Information shown:
=====

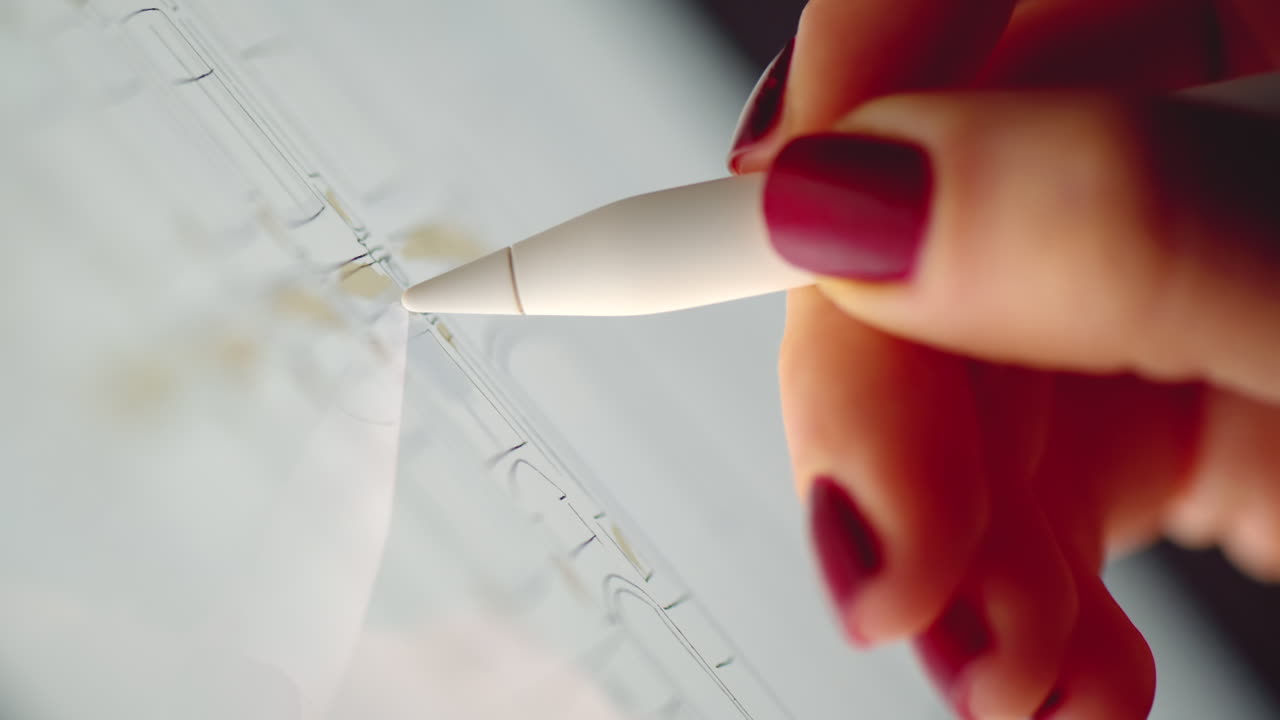 Close up of a woman sketching on a tablet with a stylus pen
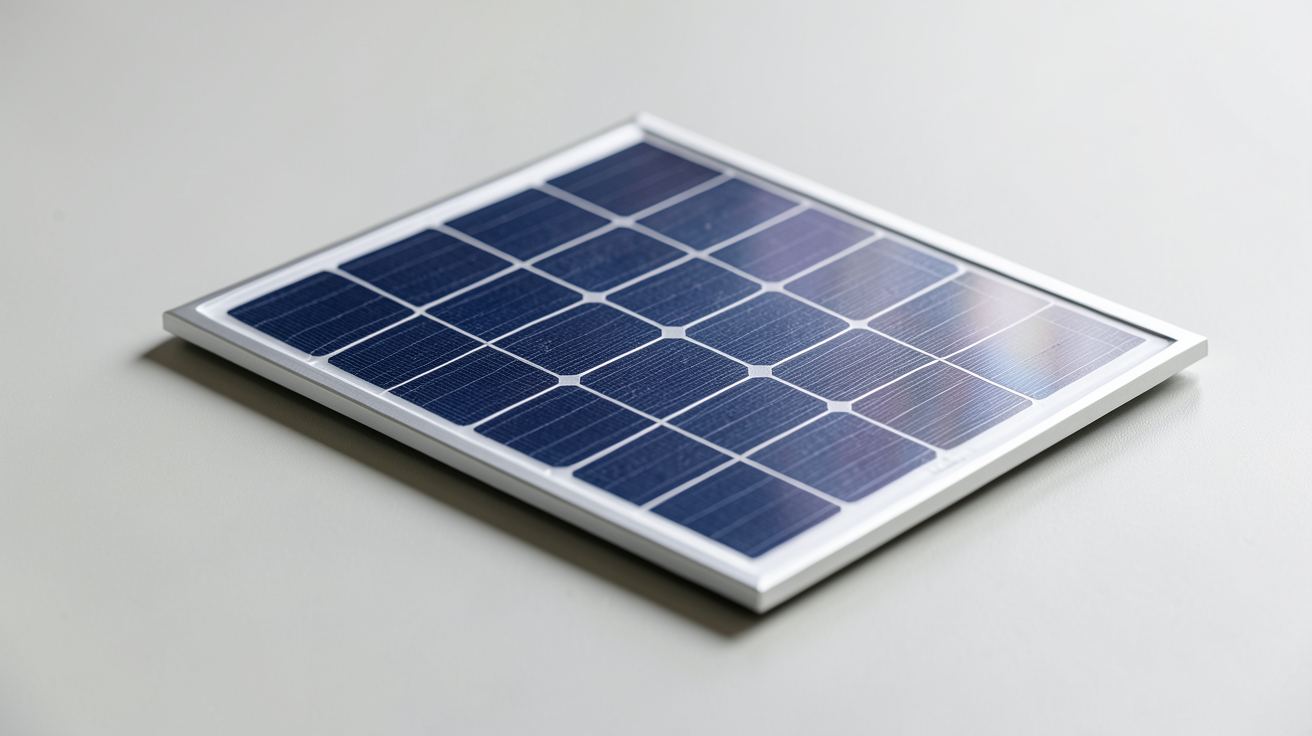 demi cellule photovoltaïque en silicium monocristallin posée sur une surface plane, illustrant son coût et disponibilité en 2025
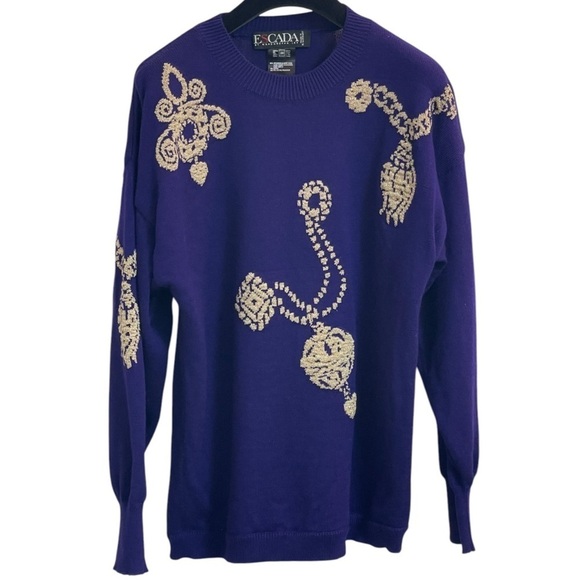 Escada Sweaters - Escada by Margaretha Ley Vintage Purple Wool Sweater w/ Gold Embroidery Size 38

=====

Exercise brief: Everything from the line with "demi cellule photovoltaïque" through the final line of the material is to be returned exactly, both ends included, apart from the pictures.

Task response:
 demi cellule photovoltaïque en silicium monocristallin posée sur une surface plane, illustrant son coût et disponibilité en 2025
 Escada Sweaters - Escada by Margaretha Ley Vintage Purple Wool Sweater w/ Gold Embroidery Size 38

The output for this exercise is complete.